Items from a dataset

* * * * *

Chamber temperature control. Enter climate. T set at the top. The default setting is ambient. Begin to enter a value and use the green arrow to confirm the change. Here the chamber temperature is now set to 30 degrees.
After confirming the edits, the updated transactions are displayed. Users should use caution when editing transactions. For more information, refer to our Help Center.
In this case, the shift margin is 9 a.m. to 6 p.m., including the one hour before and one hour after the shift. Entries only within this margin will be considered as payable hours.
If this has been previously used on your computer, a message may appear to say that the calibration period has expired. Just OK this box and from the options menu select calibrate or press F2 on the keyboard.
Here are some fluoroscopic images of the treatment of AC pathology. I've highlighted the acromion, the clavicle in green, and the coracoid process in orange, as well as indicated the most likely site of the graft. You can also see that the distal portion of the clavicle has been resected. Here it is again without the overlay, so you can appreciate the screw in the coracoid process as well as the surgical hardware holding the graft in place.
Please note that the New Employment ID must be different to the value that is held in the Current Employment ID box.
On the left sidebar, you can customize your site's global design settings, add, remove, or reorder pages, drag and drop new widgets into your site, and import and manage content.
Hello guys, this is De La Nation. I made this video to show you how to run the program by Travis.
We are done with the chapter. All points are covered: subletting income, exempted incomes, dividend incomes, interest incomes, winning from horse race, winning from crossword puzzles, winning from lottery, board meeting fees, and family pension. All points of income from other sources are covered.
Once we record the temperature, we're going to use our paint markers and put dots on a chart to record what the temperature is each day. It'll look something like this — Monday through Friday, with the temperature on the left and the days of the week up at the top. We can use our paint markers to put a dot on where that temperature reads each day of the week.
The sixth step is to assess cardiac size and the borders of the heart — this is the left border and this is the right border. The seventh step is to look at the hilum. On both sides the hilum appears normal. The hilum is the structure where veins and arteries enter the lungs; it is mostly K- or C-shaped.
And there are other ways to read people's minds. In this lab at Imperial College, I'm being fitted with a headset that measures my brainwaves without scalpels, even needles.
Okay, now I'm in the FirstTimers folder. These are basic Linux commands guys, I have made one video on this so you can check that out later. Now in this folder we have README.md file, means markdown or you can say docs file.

* * * * *

For this exercise, restate each of the entries without any deviation.

SOLVED PROBLEM:
Chamber temperature control. Enter climate. T set at the top. The default setting is ambient. Begin to enter a value and use the green arrow to confirm the change. Here the chamber temperature is now set to 30 degrees.
After confirming the edits, the updated transactions are displayed. Users should use caution when editing transactions. For more information, refer to our Help Center.
In this case, the shift margin is 9 a.m. to 6 p.m., including the one hour before and one hour after the shift. Entries only within this margin will be considered as payable hours.
If this has been previously used on your computer, a message may appear to say that the calibration period has expired. Just OK this box and from the options menu select calibrate or press F2 on the keyboard.
Here are some fluoroscopic images of the treatment of AC pathology. I've highlighted the acromion, the clavicle in green, and the coracoid process in orange, as well as indicated the most likely site of the graft. You can also see that the distal portion of the clavicle has been resected. Here it is again without the overlay, so you can appreciate the screw in the coracoid process as well as the surgical hardware holding the graft in place.
Please note that the New Employment ID must be different to the value that is held in the Current Employment ID box.
On the left sidebar, you can customize your site's global design settings, add, remove, or reorder pages, drag and drop new widgets into your site, and import and manage content.
Hello guys, this is De La Nation. I made this video to show you how to run the program by Travis.
We are done with the chapter. All points are covered: subletting income, exempted incomes, dividend incomes, interest incomes, winning from horse race, winning from crossword puzzles, winning from lottery, board meeting fees, and family pension. All points of income from other sources are covered.
Once we record the temperature, we're going to use our paint markers and put dots on a chart to record what the temperature is each day. It'll look something like this — Monday through Friday, with the temperature on the left and the days of the week up at the top. We can use our paint markers to put a dot on where that temperature reads each day of the week.
The sixth step is to assess cardiac size and the borders of the heart — this is the left border and this is the right border. The seventh step is to look at the hilum. On both sides the hilum appears normal. The hilum is the structure where veins and arteries enter the lungs; it is mostly K- or C-shaped.
And there are other ways to read people's minds. In this lab at Imperial College, I'm being fitted with a headset that measures my brainwaves without scalpels, even needles.
Okay, now I'm in the FirstTimers folder. These are basic Linux commands guys, I have made one video on this so you can check that out later. Now in this folder we have README.md file, means markdown or you can say docs file.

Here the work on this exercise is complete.